### EXERCISE AIM
Could you reproduce all the entries under this sentence exactly, leaving the images aside?

━━━ SUPPLIED MATERIAL

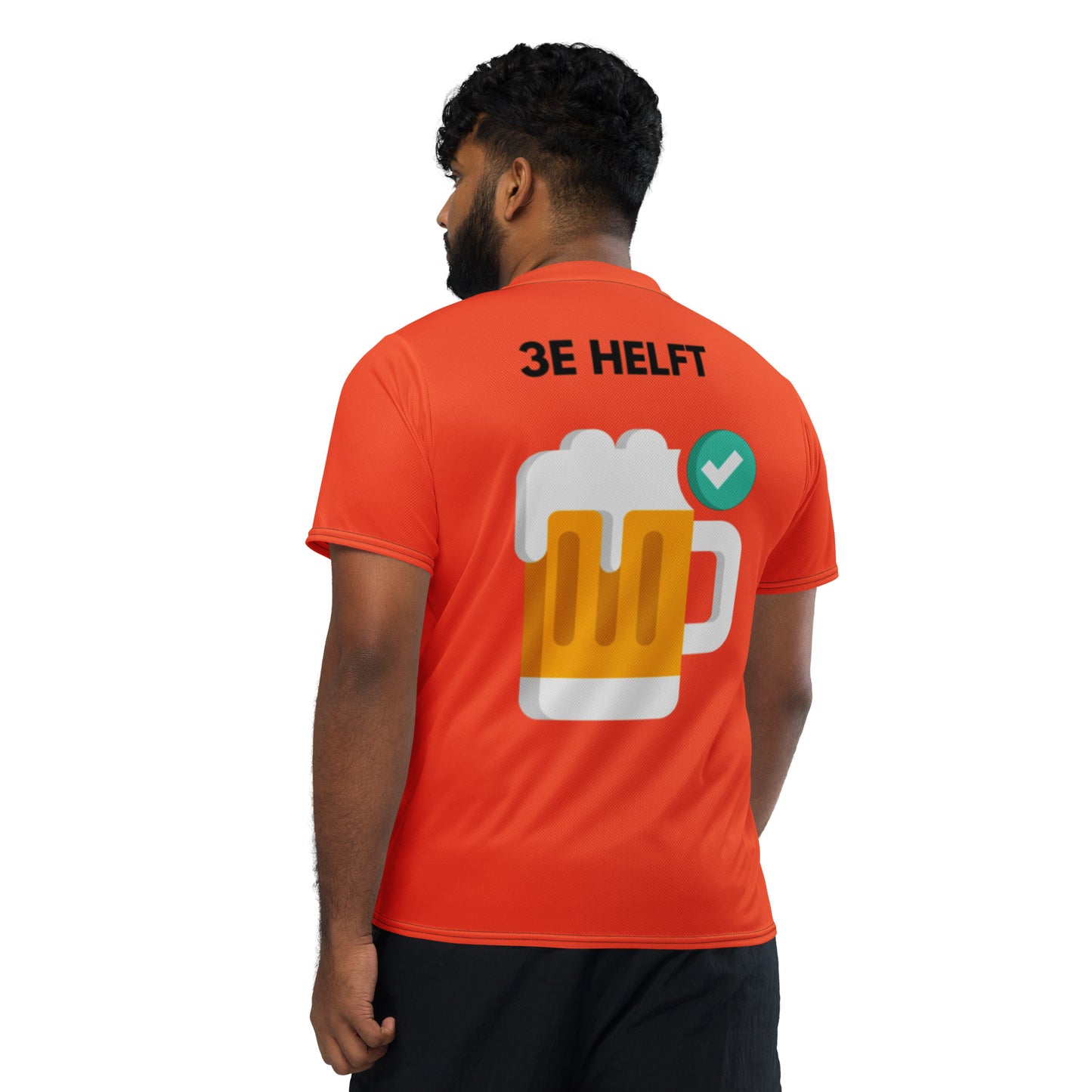 T-shirt - 3e Helft Voetbal Shirt - Oranje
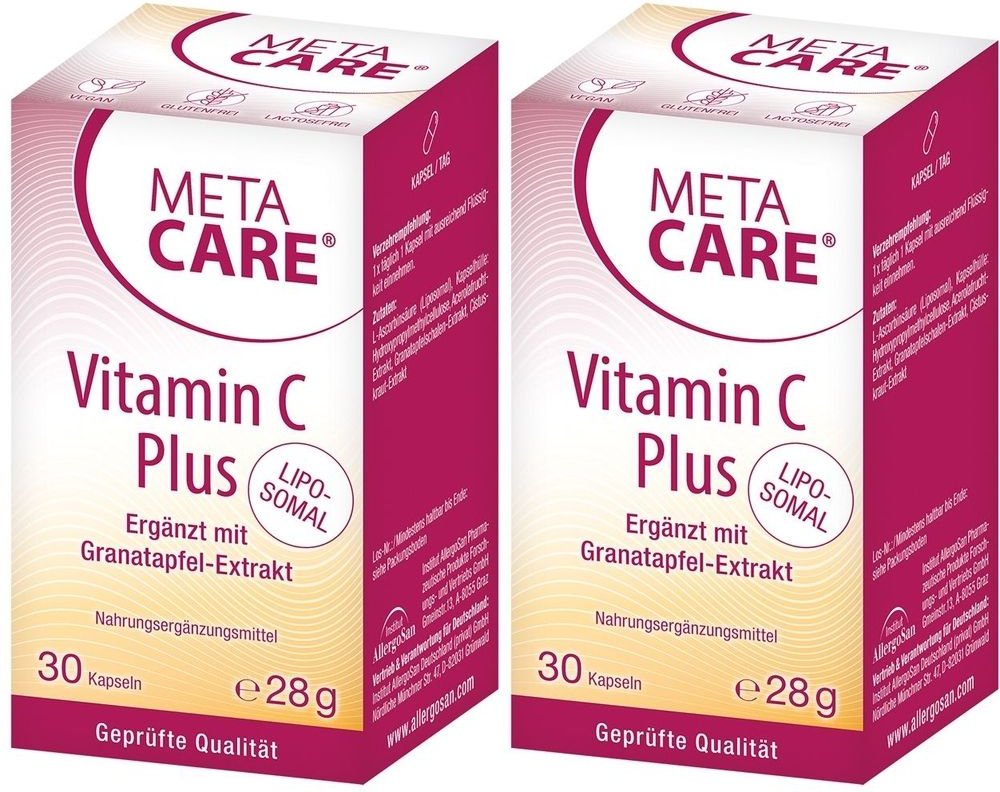 Meta-Care Vitamin C Plus Kapseln 2x 2x30 St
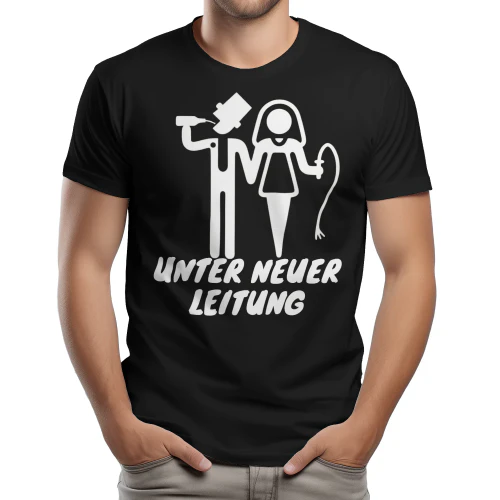 Unter Neuer Leitung – Lustiges Hochzeitsdesign für Ehemann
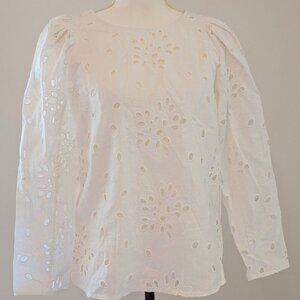 NWT - Rebecca Taylor - Eyelet Blouse, Medium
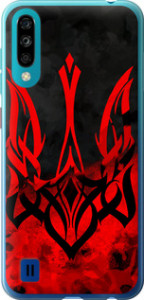 Чохол на ZTE Blade A7 2020 Герб України v2 5312u-2108 (Червоний)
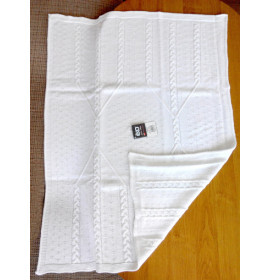 Плед  PLE-13 DS білий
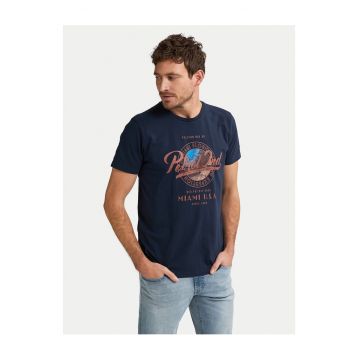 Tricou bleumarin barbati  bumbac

━━━━━━

### ANSWER SECTION
 T-shirt - 3e Helft Voetbal Shirt - Oranje
 Meta-Care Vitamin C Plus Kapseln 2x 2x30 St
 Unter Neuer Leitung – Lustiges Hochzeitsdesign für Ehemann
 NWT - Rebecca Taylor - Eyelet Blouse, Medium
 Чохол на ZTE Blade A7 2020 Герб України v2 5312u-2108 (Червоний)
 Плед  PLE-13 DS білий
 Tricou bleumarin barbati  bumbac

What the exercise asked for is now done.